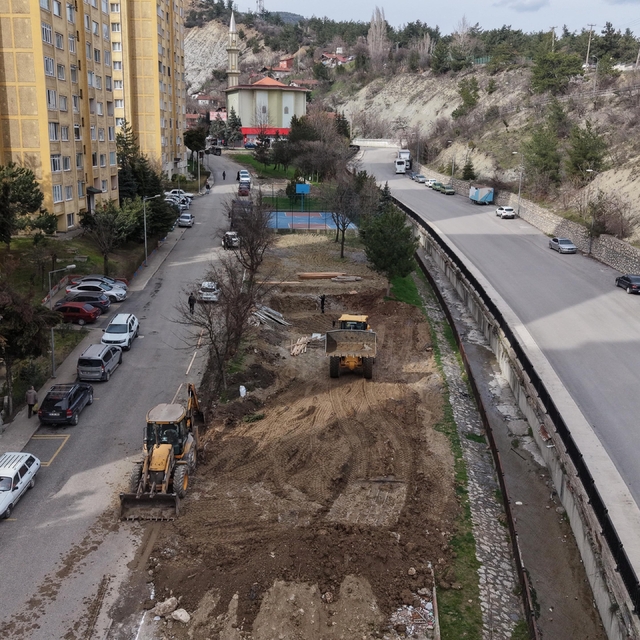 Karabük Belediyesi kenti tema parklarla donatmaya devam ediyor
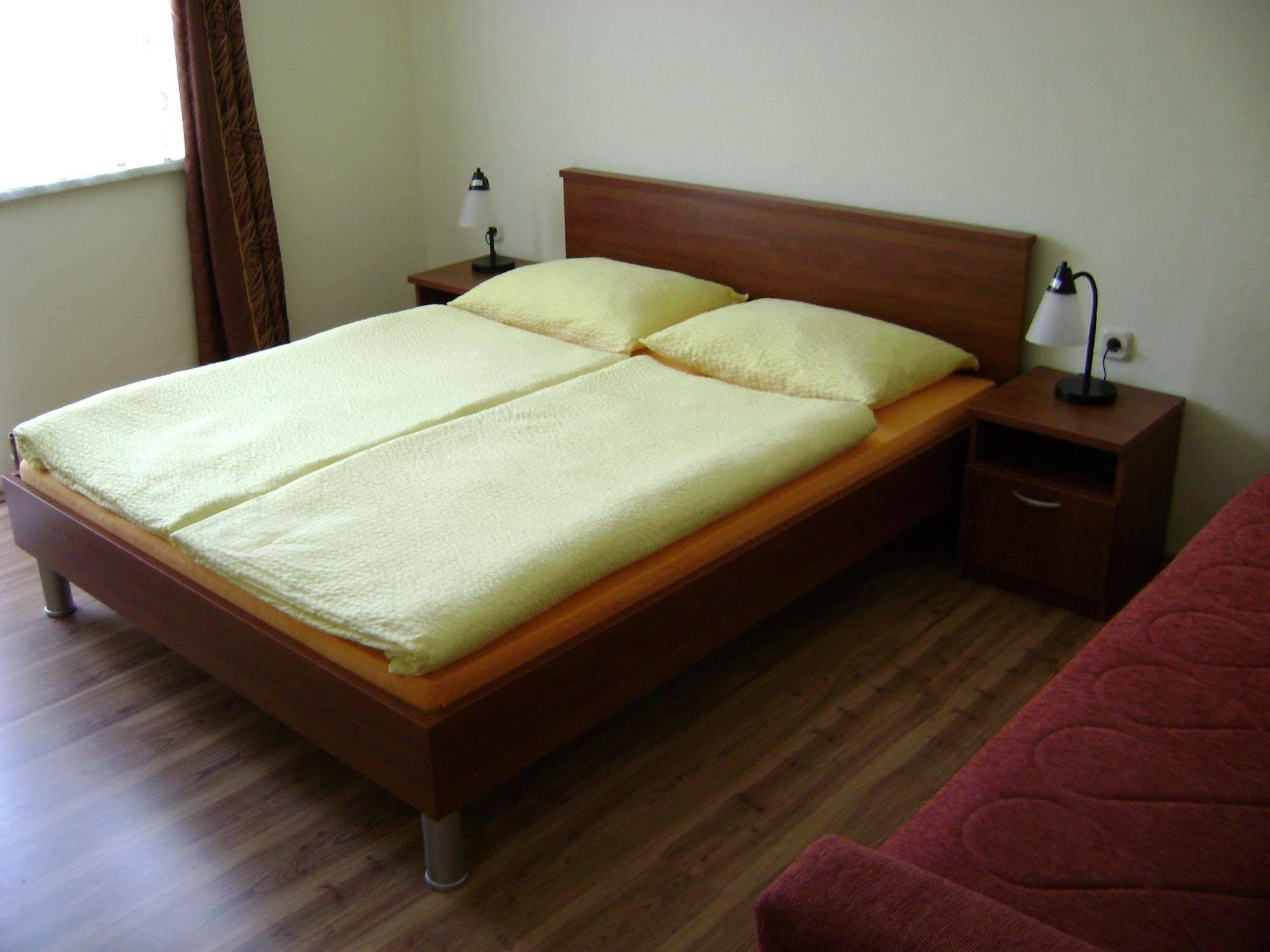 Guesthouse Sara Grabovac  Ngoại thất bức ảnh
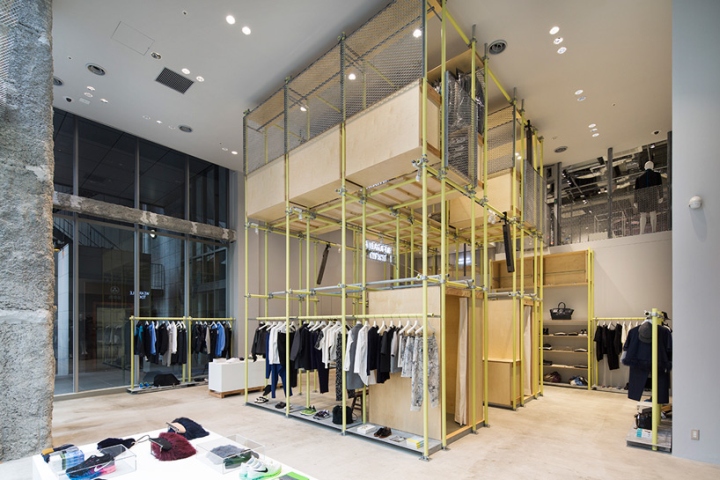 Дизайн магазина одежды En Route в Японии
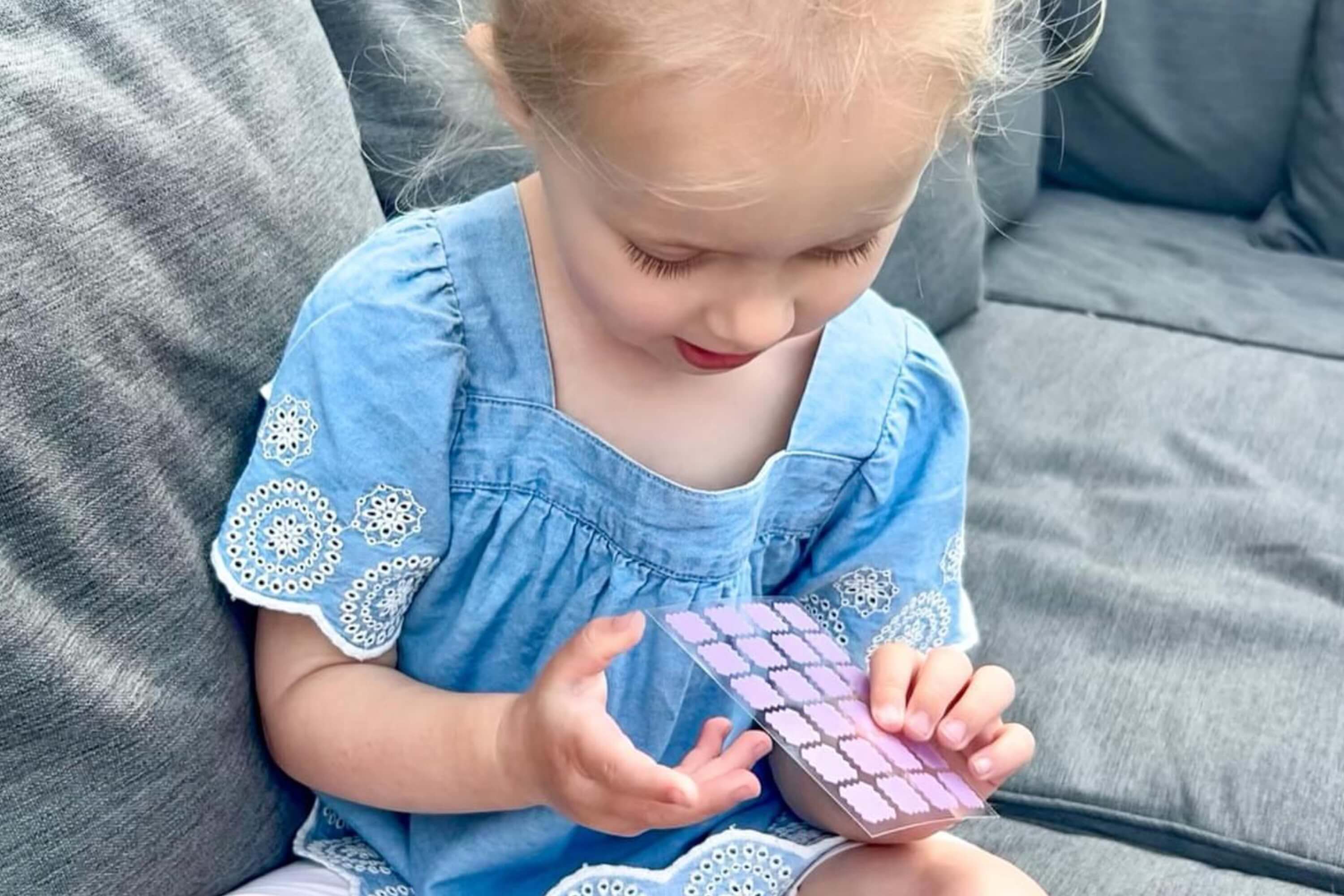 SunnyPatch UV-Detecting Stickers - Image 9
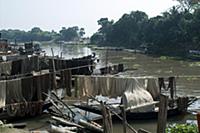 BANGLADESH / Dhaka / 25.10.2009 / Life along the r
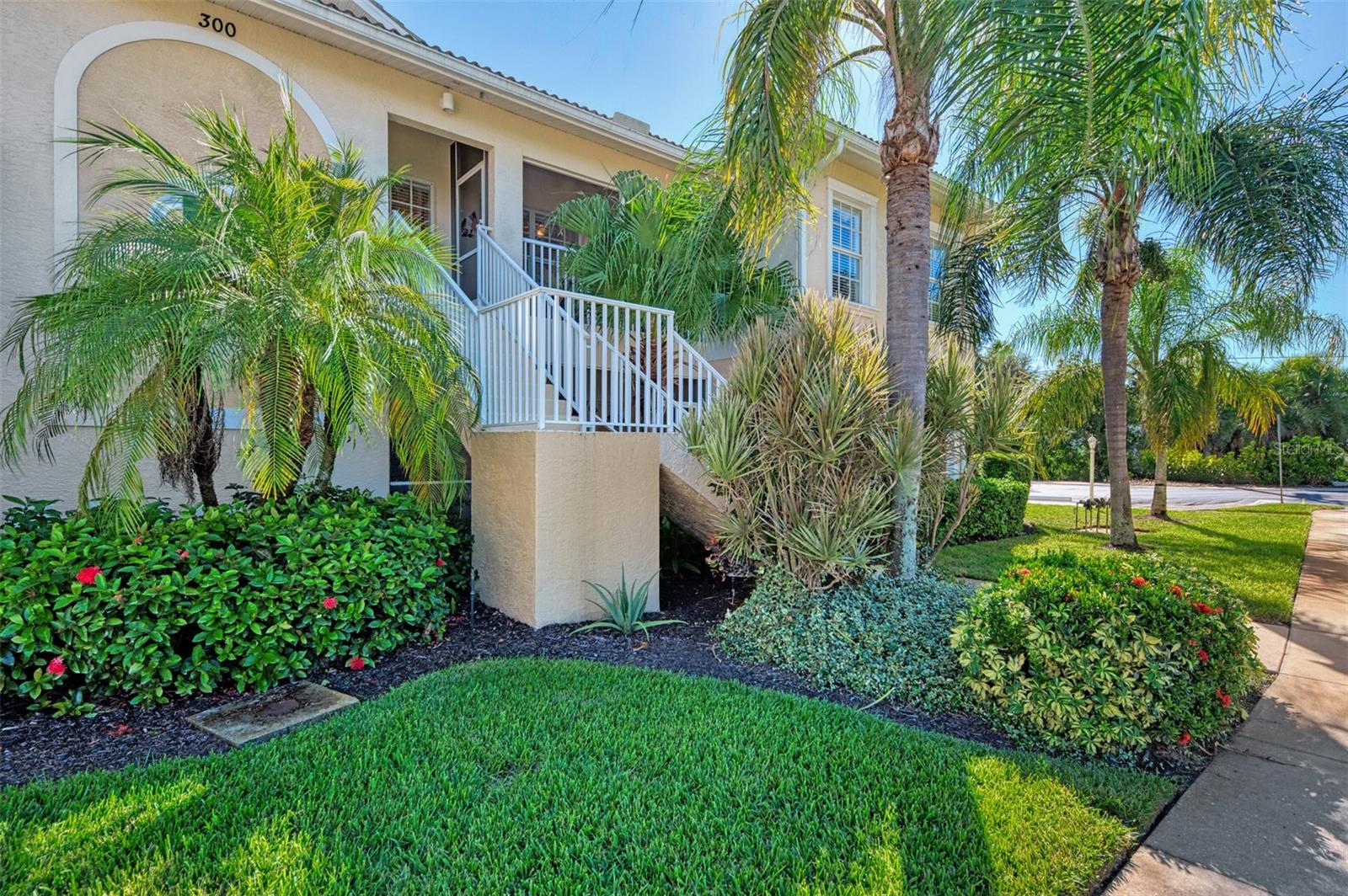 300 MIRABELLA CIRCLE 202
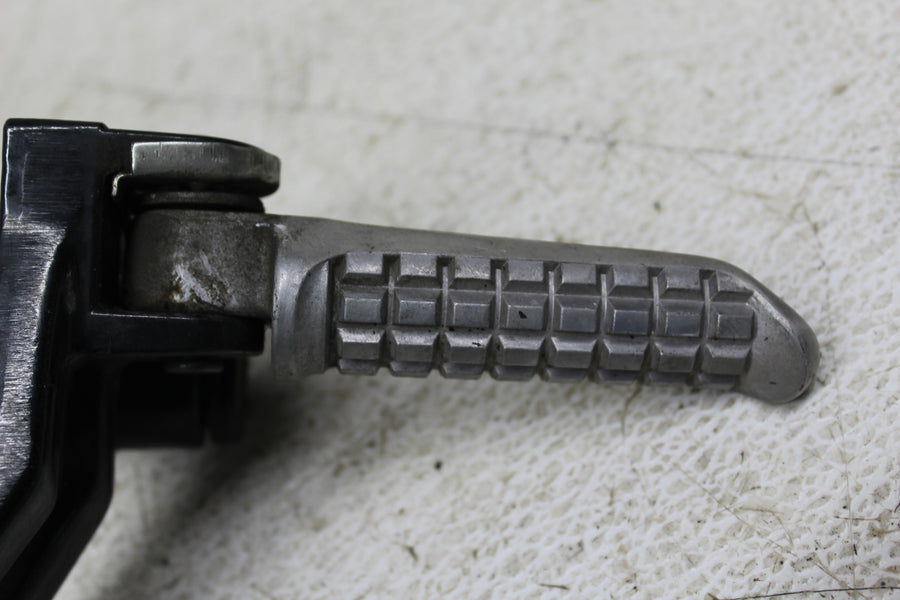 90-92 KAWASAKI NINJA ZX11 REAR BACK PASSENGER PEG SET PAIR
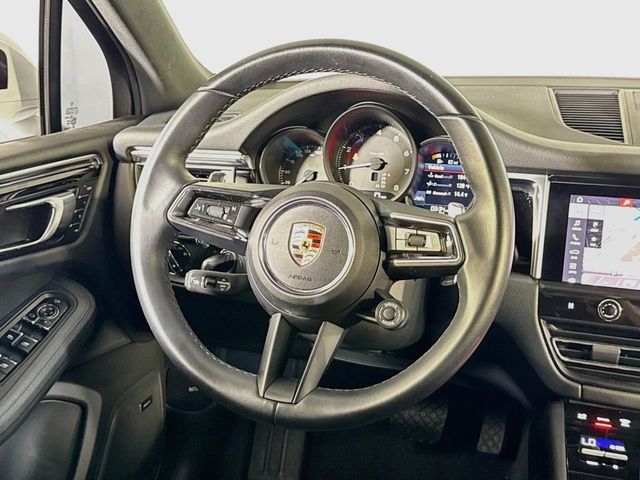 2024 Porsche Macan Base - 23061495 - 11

——————

(Task) If pictures appear in the data, do not print them; repeat the rest exactly.

(Exercise response)
 Karabük Belediyesi kenti tema parklarla donatmaya devam ediyor
 Guesthouse Sara Grabovac  Ngoại thất bức ảnh
 Дизайн магазина одежды En Route в Японии
 SunnyPatch UV-Detecting Stickers - Image 9
 BANGLADESH / Dhaka / 25.10.2009 / Life along the r
 300 MIRABELLA CIRCLE 202
 90-92 KAWASAKI NINJA ZX11 REAR BACK PASSENGER PEG SET PAIR
 2024 Porsche Macan Base - 23061495 - 11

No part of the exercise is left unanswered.